Joss, obsessed with horses, has been saving money to rent a horse for the week of her birthday. When the big week arrives, Kate, Joss, and Tootie, an 8-year-old neighbor boy who harbors a crush on Joss, ride out to the farm of Mr. and Mrs. Essig to rent the gentlest of their aging horses, Prince. Joss wakes early every day to ride and tend to the horse and make him a comfortable home in the family's garage. Kate, Joss, their parents, and their friends Ellen, Sam, and Tootie spend an idyllic week with Prince, enjoying their summer and the magic of Joss' wish come true.

On the second-to-last day of Prince's rental, Kate and Joss climb an apple tree in the yard to have a picnic like they did when they were younger. When Joss ventures out on a branch to check on Prince, the branch, weakened by a recent storm, snaps. Joss falls to the ground, breaking her neck and dying instantly.

Kate's story concludes with the various reactions of the people around her to the loss of Joss. She finds comfort in unexpected places, such as staying strong for the younger, heartbroken Tootie, and from her mother's cousin Mona, who she'd previously disdained due to a glandular problem. Kate acts out in response to the clumsy attempts of friends and neighbors to make sense of the death of someone so bright and young, but her mother comforts her and asks her to try not to let Joss' death make her mean and hard.
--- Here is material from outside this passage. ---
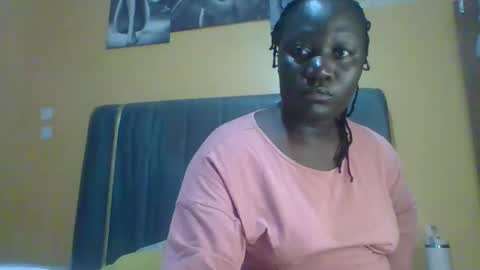 lindah32 online show from June 8, 2026, 1:28 am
As the summer reaches its end, Kate finds comfort in a letter from the sisters' third-grade teacher, who tells her that one day she'll be able to tell her own children about Joss, and that Joss will live in through her memories.

==Reception==
Beat the Turtle Drum has been compared with similar book Bridge to Terabithia as an exploration of childhood death from a child's perspective, earning praise early on for its approach to the subject matter. Barbara Wersba, a critic for The New York Times, said, "it is a simple book, and in many ways an unexceptional one. But its characters are human, and its heartbreak is true... in a very quiet way, Constance C. Greene has written a remarkable tale." Kirkus Reviews said that the book left, "the reader almost as unprepared as Kate is for the tragedy could be considered sneaky, but it's certainly effective; young readers lulled by Greene's net of contentment are bound to share Kate's shock as well as her earlier pleasure."

==Film adaptation==
Beat the Turtle Drum was adapted into an ABC Afterschool Special made-for-television film titled Very Good Friends in 1977, also marketed as Beat the Turtle Drum. The latter title was changed for the adaptation due to concerns over potential audience confusion over the meaning of the phrase "turtle drum", which had been a line of poetry cited in the original book, credited to Ian Serraillier.

The film was directed by Richard C. Bennett, and starred Melissa Sue Anderson and Katy Kurtzman. It was released as part of a four-part set on DVD.